The difference here is that we’ve removed the generator feature, so that when an instance of the Primes class is created, it takes the maximum value as its argument and then builds a list of the primes up to that value by calling the genPrimes() method. As this method doesn’t require access to any of the class’s instance variables, I’ve declared it to be a static method. The method is declared to be static by using the built-in @staticmethod decorator on line 21. This is just an alternative to the technique we used in the earlier post to declare a static method.
We also define a second static method gaps() on line 36 which counts the number of times each gap between successive primes occurs, and stores the result in a dictionary.
With this code out of the way, we can now look at how to overload the [ ] operator. The example here is a bit artificial, but it illustrates most of the features required. The idea is that if the user enters a single int, that value is used as a key in the dictionary containing the data on the frequency of gaps between primes. If the dictionary contains that key, we want to return the number of times that gap was found; if it doesn’t contain the key, we should return 0.
If the user enters 2 or 3 values as the key, this is to be interpreted as a slice from the list of primes, and the corresponding slice should be returned.
The [ ] operator (for reading the values of one or more items) is implemented in a class by calling the class’s __getitem__() built-in method. To overload the [ ] operator, we therefore need to write our own __getitem__() method in our class.
This is done starting on line 57. __getitem__() requires the usual self argument, and one additional argument which is the key, which is the object inside the brackets. In principle, the key can be any data type, but the two most common types are a single integer (for indexing) and a slice object (for accessing a range of objects within the collection). The example here illustrates both.
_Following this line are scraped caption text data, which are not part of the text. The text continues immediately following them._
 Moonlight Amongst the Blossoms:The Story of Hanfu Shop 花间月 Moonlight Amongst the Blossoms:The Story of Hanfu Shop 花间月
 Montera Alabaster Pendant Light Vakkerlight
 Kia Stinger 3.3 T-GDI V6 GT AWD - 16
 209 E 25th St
This example assumes that the user will enter the key as a string of one, two or three ints separated by blanks. The first thing we need to do is split the input into a list of the items, which is done on line 58. As we’re allowing up to 3 elements in a key, we check that the list is no longer than 3 items on line 59.
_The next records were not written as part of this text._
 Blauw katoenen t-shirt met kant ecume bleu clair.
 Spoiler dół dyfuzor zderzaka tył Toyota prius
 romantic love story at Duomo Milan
Next, we need to check that all the entries in the key are valid integers, and if so, to convert them from strings to ints. In a more mature program, we would do this by using exceptions, but to keep things simple here, I’ll just return the message ‘Invalid entry’ if something goes wrong.
As far as I can tell, Python has no built-in function for testing if a string contains a valid int (there is the isdigit() function, but this won’t accept negative numbers). Thus I’ve included a little static method on line 49 which checks if a string num is a valid int. It does this by attempting to cast num from a string to an int. If this fails, a ValueError is raised which is used to return False.
Using isint() we can verify that the components of key are valid ints with the loop on line 61. If each element of key is an int, we cast it from a string to an int so it’s ready to be used in our overload of [ ].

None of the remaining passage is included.